Every year, Nature, one of the world’s most recognizable scientific journals, takes time to reflect on those people who have made a difference in the sciences. After much debate and deliberation, they choose ten of these people to be that year’s Nature’s 10. 


Professor Deng’s team used the gene editing tool CRISPR-Cas9 to delete a special gene from bone marrow stem cells as part of a bone marrow transplant to treat a patient that had both HIV and acute lymphoblastic leukemia. Previous studies have shown that bone marrow with a damaged version of the targeted gene, CCR5, produces blood cells that are able to resist HIV. The results of this transplant, which happened in 2017, were revisited in a study published in the September 2019 issue of the New England Journal of Medicine

CRISPR gene editing in people is controversial partly because many researchers worry about its side effects. Deng and his team found the bone marrow transplant was able to put the patient’s acute lymphoblastic leukemia into remission without any gene-editing related side effects. The treatment was not able to eliminate the HIV virus from the patient, which Deng and his team suspect it’s because the volume of marrow transplanted was insufficient to combat the infection, but their ability to apply the treatment without side effects shows promise for the application of this technique in more trials. 
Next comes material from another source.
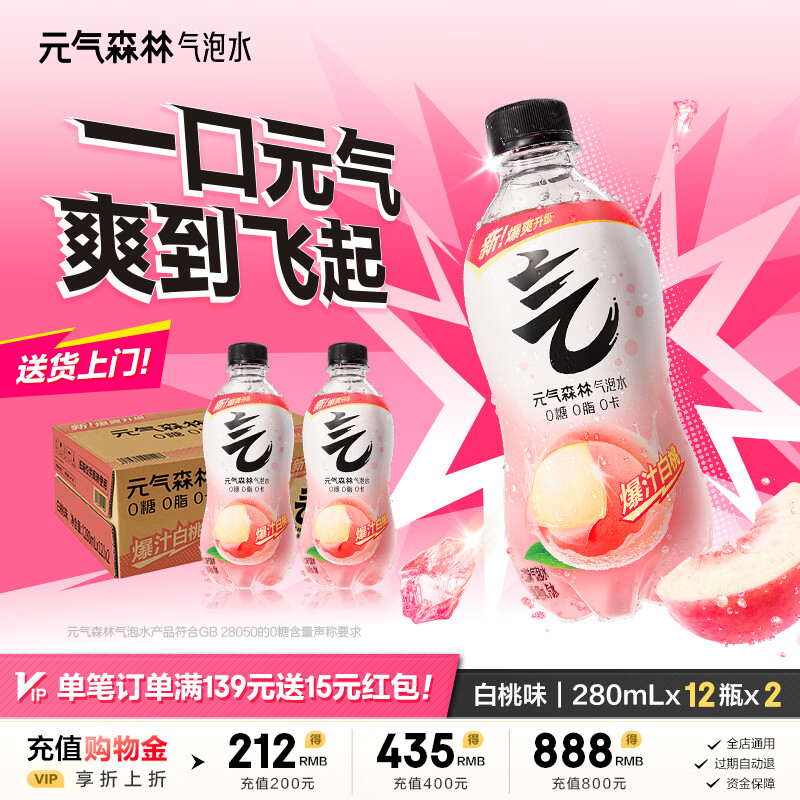 元气森林气泡水0糖0脂0卡 无糖饮料 小瓶装便携 280ml 碳酸饮料 白桃味280ml*12瓶*2件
Deng Hongkui, hailed as CRISPR translator by Nature, earned his B.S. in Cell Biology from Wuhan University and his Ph. D. in Immunology from the University of California, Los Angeles. He became a professor at Peking University in 2001 and has been the director of the PKU Stem Cell Research Center since 2013. Professor Deng’s research focuses on somatic cell reprogramming and lineage specific differentiation of human pluripotent stem cells. His lab also explores chemical biological approaches for manipulating cell fate and function.